WORK REQUEST | Exact copy, pictures excluded: please retype every record below.
[Start of section]
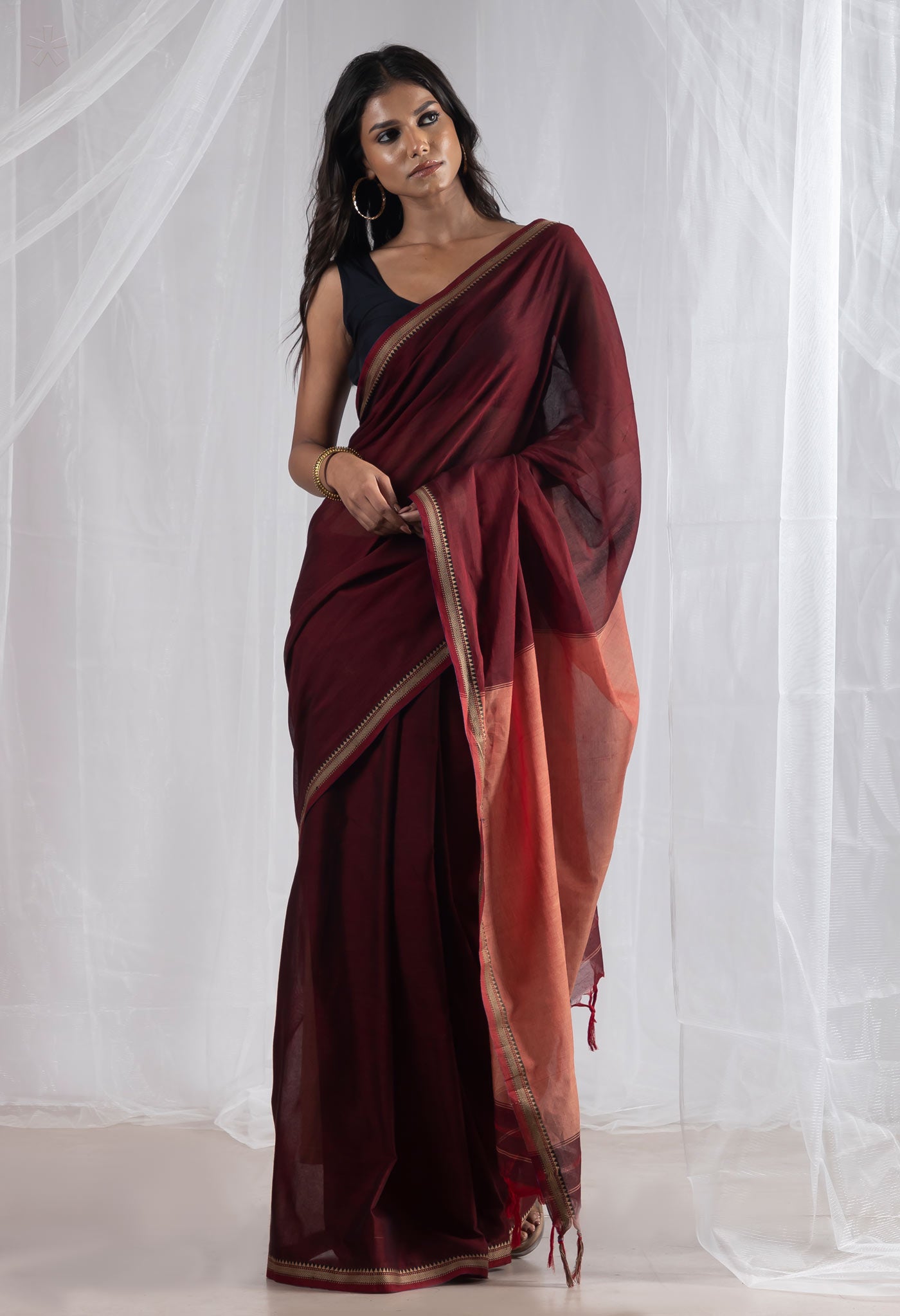 Maroon Pure Handloom Narayani Cotton Saree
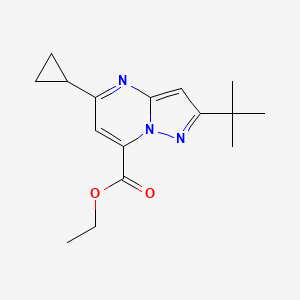 molecular formula C16H21N3O2 B2744702 Ethyl 2-tert-butyl-5-cyclopropylpyrazolo[1,5-a]pyrimidine-7-carboxylate CAS No. 1797893-12-9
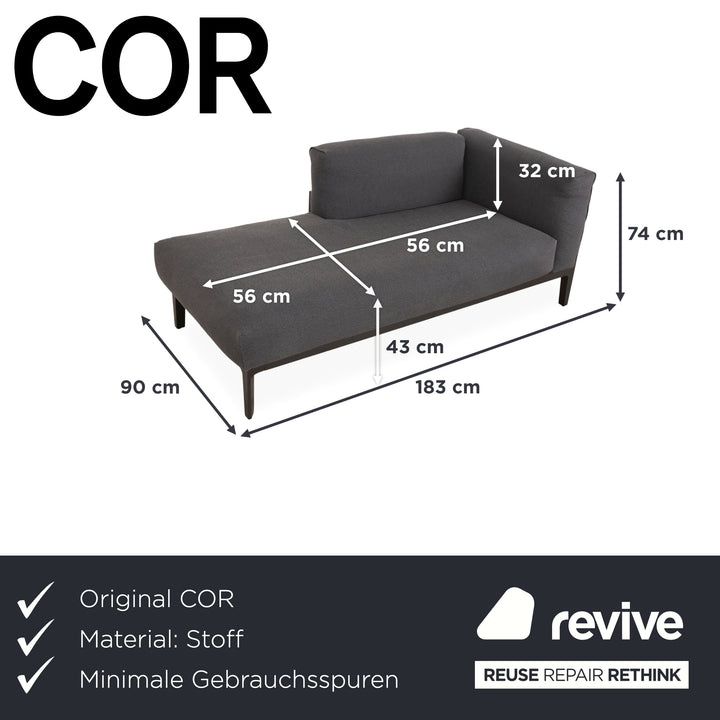 COR Elm Recamiere Stoff Anthrazit Holz Eiche Schwarz Liege Design Jehs & Laub Daybed Sofa Couch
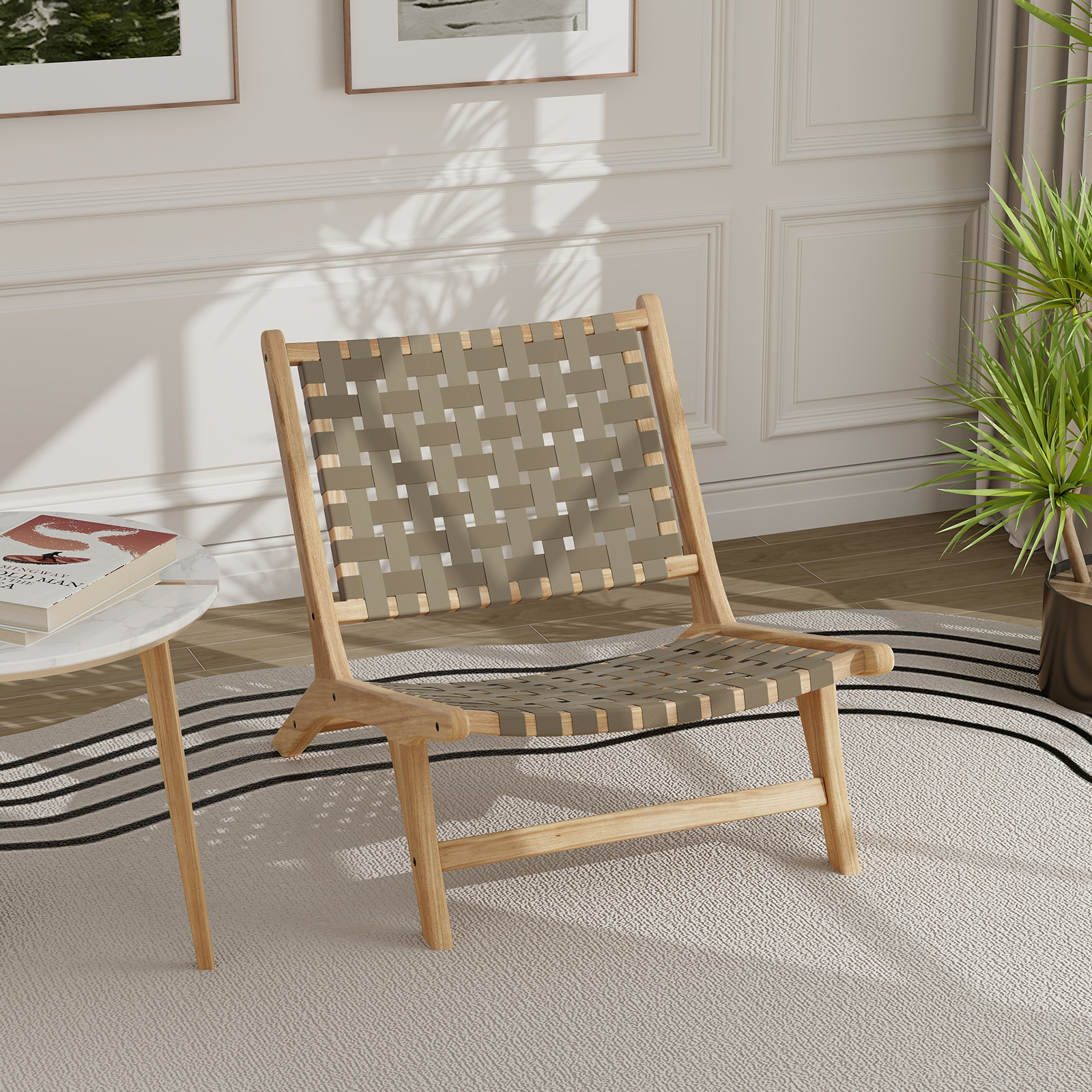 OUTGOO Modern Armless Teak Wood Lounge Chair with Nylon Woven Backrest and Seat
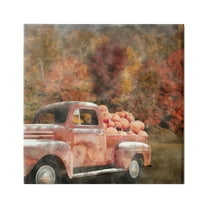 Stupell Industries Fall Truck with Pumpkins Holiday Painting Gallery Wrapped Canvas Print Wall Art, 24 x 24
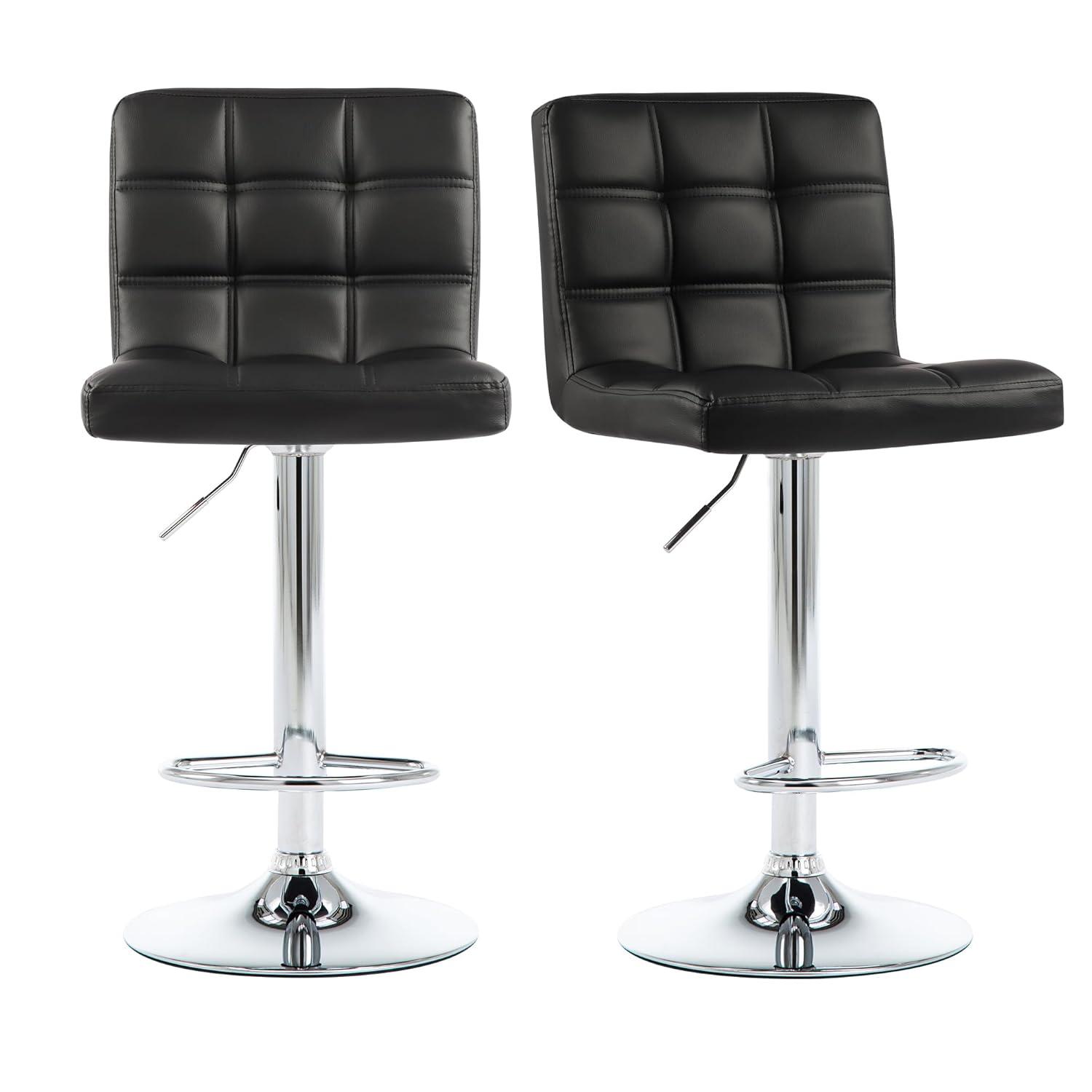 FDW Black Swivel Bar Stools PU Leather Padded with Back Height Adjustable Counter Stool Barstools Dining Chair,Set Of 2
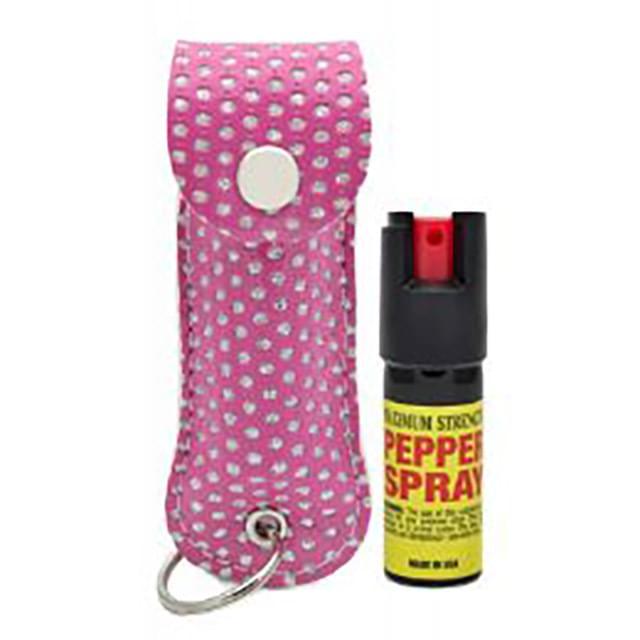 Pink Bling Cheetah Keychain Pepper Spray - 0.5 oz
[End of section]
SOLUTION |
 Maroon Pure Handloom Narayani Cotton Saree
 molecular formula C16H21N3O2 B2744702 Ethyl 2-tert-butyl-5-cyclopropylpyrazolo[1,5-a]pyrimidine-7-carboxylate CAS No. 1797893-12-9
 COR Elm Recamiere Stoff Anthrazit Holz Eiche Schwarz Liege Design Jehs & Laub Daybed Sofa Couch
 OUTGOO Modern Armless Teak Wood Lounge Chair with Nylon Woven Backrest and Seat
 Stupell Industries Fall Truck with Pumpkins Holiday Painting Gallery Wrapped Canvas Print Wall Art, 24 x 24
 FDW Black Swivel Bar Stools PU Leather Padded with Back Height Adjustable Counter Stool Barstools Dining Chair,Set Of 2
 Pink Bling Cheetah Keychain Pepper Spray - 0.5 oz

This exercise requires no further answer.